This is the stuff of my nightmares, folks.
Director Nick Willing, who helmed the grotesque miniseries reworking of Jason and the Argonauts in 2000 with Jason London, produced a version of Alice in Wonderland for NBC in 1999. It won four Emmy awards for its costumes, visuals, makeup and music, and is lined wall to wall with a star-studded cast, some of whom showed up to have a ball on elaborate sets, others who showed up to collect a pretty penny for a few days of work.
Can you guess which category Mr. Kingsley falls under?
“Just a few more tokes of this fine shit and those boondoggle keychains you keep trying to sell me on will sound way more appealing.”
Tim Burton should have learned his lesson from Charlie and the Chocolate Factory a few years ago, but instead 2010 witnessed the director making the same mistakes. His Mia Wasikowska/Johnny Depp version of Carroll’s original work (which combined elements of Through the Looking Glass as well) is a poor hybrid of bad ideas. Burton’s first mistake was to skew his characters older and to create a hack-and-slash adventure from what is essentially a lucid dreamstate of storytelling. His second mistake was to sandwich his twisty visuals with a computer-generated landscape in a story that doesn’t benefit from either of them.
These two fronts are where Willing and company knock the 1999 direct-to-television version of Alice in Wonderland out of the park. While the film does layer certain elements of Carroll’s sequel tale onto the original, what we see here is as thorough and faithful of an adaptation of the book as we’re ever to see on screen, including Disney’s animated classic. While that comes with some downsides (more on those later), it means that Alice’s character is preserved and all of the movements of Carroll’s novel are intact. No Vorpal sword/Jabberwocky Dungeons & Dragons-esque boss-battles here, thanks.
Behold the offspring of Wilford Brimley and Alice Krige.
Even better is the Emmy-winning visual aesthetic of the film. There’s a fine line between fantastical and inaccessibly dull, and I would hope that Burton learned this difference in March. While his version of Wonderland is by far more elaborate and expansive than Willing’s (whose entire film is set-bound), is has all the magic of a Windows 95 screensaver, completely separate and distinct from the characters that populate it. Willing uses digital work here as well — albeit digital work that looks as good as you’d expect for 1999 — but not to create the world, only to enhance it. Instead, we’re treated to elaborate sets and miniature work that actors are then digitally composed into. While never looking quite real (and it shouldn’t), the tangible quality evokes the fantasy more than Burton’s world could ever hope to.
Jim Henson’s Creature Shop created many of the elaborate costumes and puppets for the film, some of which work quite well in the context of things — I particularly enjoy the Twilight Zone-esque version of the March Hare and the Gryphon, which looks like something directly out of The Dark Crystal. Others are purely horrifying or uncomfortable, like the little flesh-nugget hedgehogs or the grotesque Pig Baby.

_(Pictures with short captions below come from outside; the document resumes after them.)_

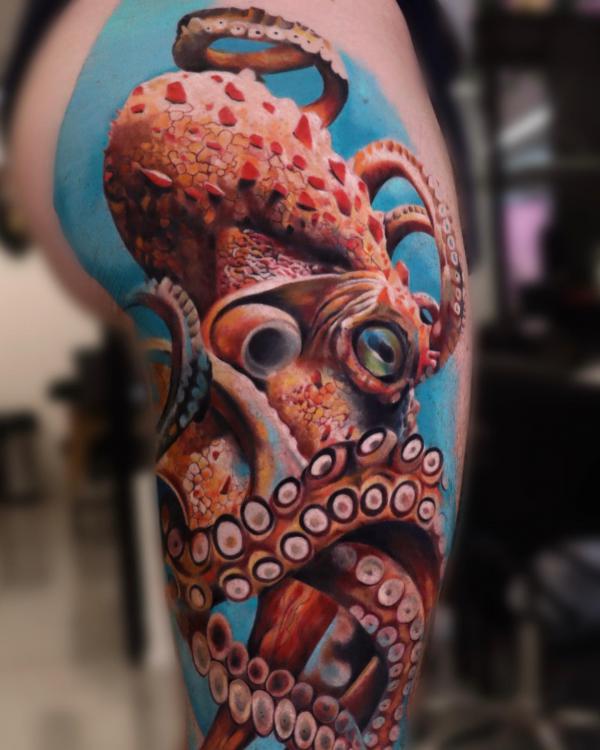 Realistic Octopus thigh tattoo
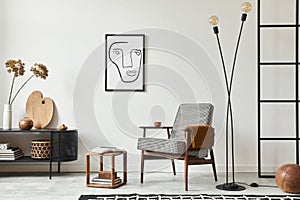 Stylish scandinavian composition of living room with design armchair, black mock up poster frame, commode, wooden stool, lamp.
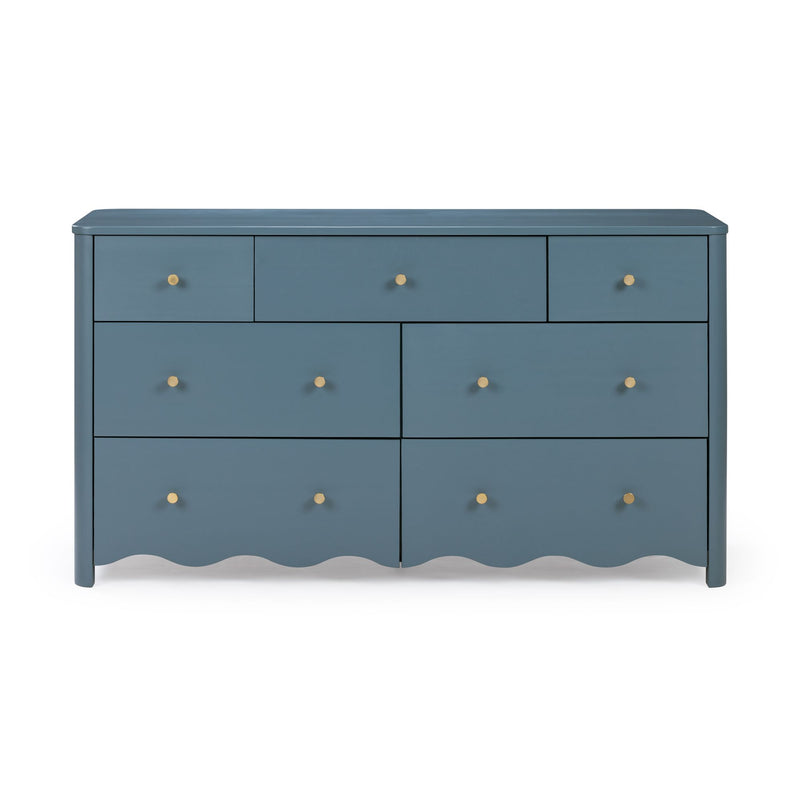 Matte blue painted wooden dresser with brass knobs and scalloped skirt, multi-drawer bedroom storage chest in coastal-modern style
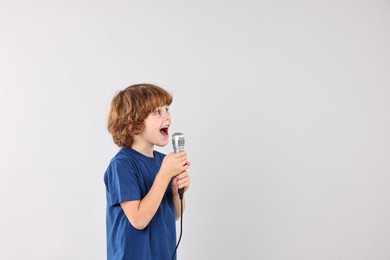 Photo of Little boy with microphone singing on light grey background, space for text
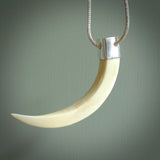 Hand carved, engraved Boars Tusk Pendant with a sterling silver cap. Hand made pendant carved from a boars tusk. Hand made unique jewellery for sale by NZ Pacific online.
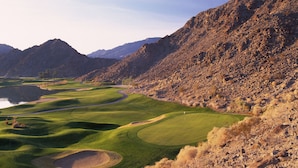 A golf course with a water hazard, surrounded by rocky terrain and mountains. - Mountain Views! Mountains, Palms & Blue Skies, Pet Friendly! - Upstairs w/Garage (L56-2) (La Quinta)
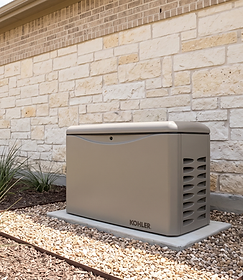Kohler standby backup generator on a gravel bed beside a stone-veneer Houston home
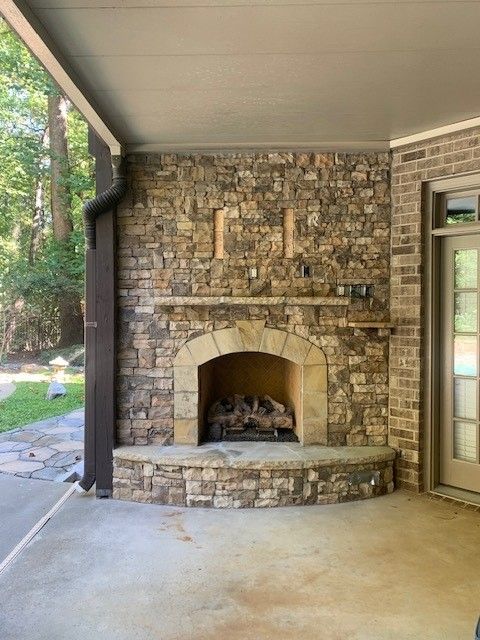 Covered patio with stone fireplace, arched opening, and concrete floor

My major bone of contention with the film is the pacing: at 136 minutes, many moments of the film feel completely unnecessary and conversations drag on for far too long. While I was generally pleased that Alice in Wonderland was so faithful to its source material, that doesn’t mean the film couldn’t have easily lost twenty minutes of material in the editing room.
There are no words. Actually, yes, there are two: cerebral hemorrhage.

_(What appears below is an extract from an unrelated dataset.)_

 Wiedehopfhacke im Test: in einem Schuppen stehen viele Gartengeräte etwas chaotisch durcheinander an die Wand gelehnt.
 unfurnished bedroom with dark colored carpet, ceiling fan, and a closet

The rest of the film lives and dies by its actors. Leading lady Tina Majorino, who most folks will probably know best as Napoleon Dynamite’s bubbly gal-pal, has the right curiosity and look for the role, but is paired with a pretty foul accent and a ceaseless narration — it’s as if the producers felt the audience would change the channel if there was a second of silence, so the film is wall-to-wall noise and dialogue, which is quite exhausting. It’s intriguing to see the rest of the interpretations of the characters though, for better or for worse. Christopher Lloyd is basically doing his usual Doc Brown thing as the White Knight, while Martin Short is actually hysterical as the Mad Hatter, leaps and bounds better than Johnny Depp in the same role.
Miranda Richardson as the Queen of Hearts, however, is a shrieking calamity, and her presence on screen murders fun. Ben Kingsley appears as the Caterpillar for only a few minutes to be completely bored and flat, while Whoopi Goldberg as the Cheshire Cat is her usual obnoxious self.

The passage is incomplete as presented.